## Task requirements
Without any pictures, retype exactly the lines that begin at the one holding "Ein gelber Kürbis" and end at the last line of the data below.

··········

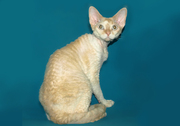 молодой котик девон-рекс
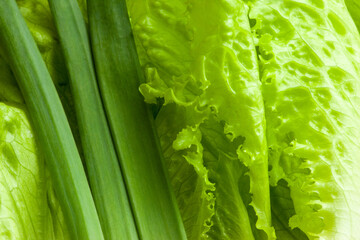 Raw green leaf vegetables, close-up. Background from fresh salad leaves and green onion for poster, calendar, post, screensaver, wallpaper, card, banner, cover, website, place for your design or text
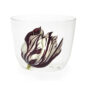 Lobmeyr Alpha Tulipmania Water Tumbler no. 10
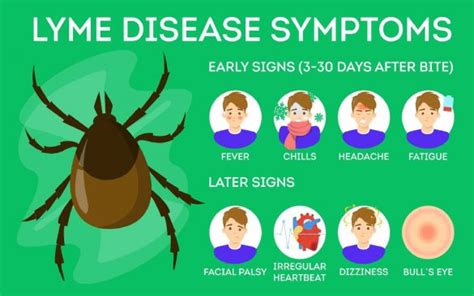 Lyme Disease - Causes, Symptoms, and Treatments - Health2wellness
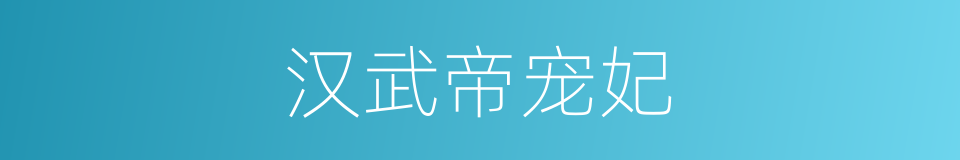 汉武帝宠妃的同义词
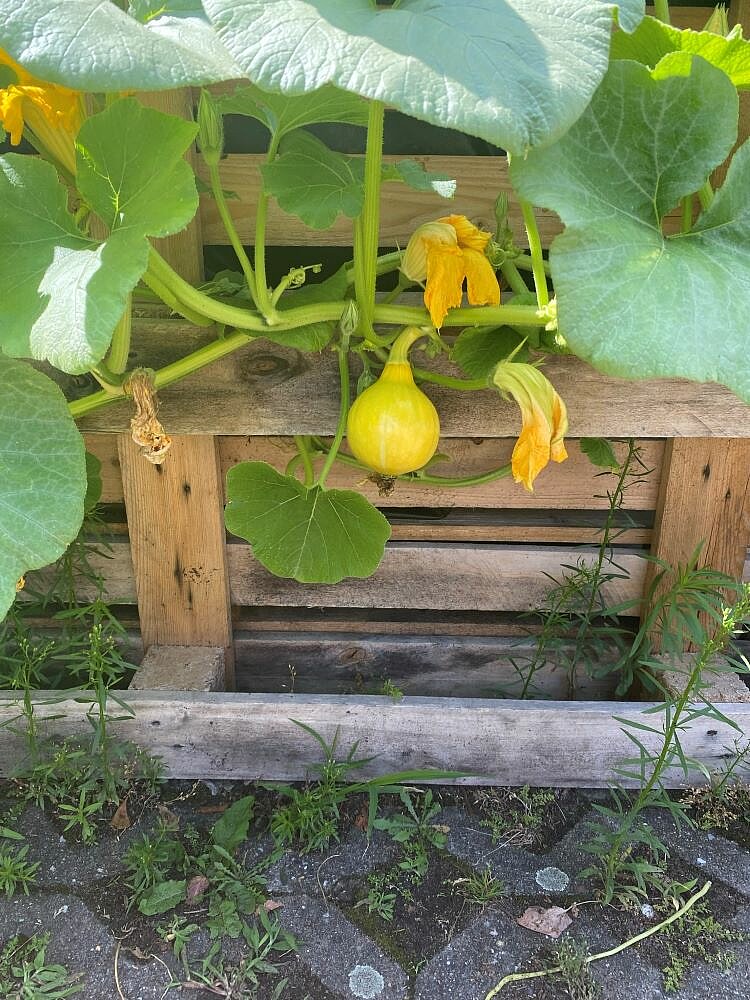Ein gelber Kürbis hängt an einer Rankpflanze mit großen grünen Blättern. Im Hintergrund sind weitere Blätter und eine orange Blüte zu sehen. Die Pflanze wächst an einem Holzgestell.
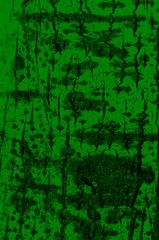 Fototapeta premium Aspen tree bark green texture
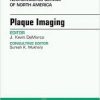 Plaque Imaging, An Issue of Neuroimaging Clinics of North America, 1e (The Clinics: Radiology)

··········

## Reply to the exercise
Ein gelber Kürbis hängt an einer Rankpflanze mit großen grünen Blättern. Im Hintergrund sind weitere Blätter und eine orange Blüte zu sehen. Die Pflanze wächst an einem Holzgestell.
 Fototapeta premium Aspen tree bark green texture
 Plaque Imaging, An Issue of Neuroimaging Clinics of North America, 1e (The Clinics: Radiology)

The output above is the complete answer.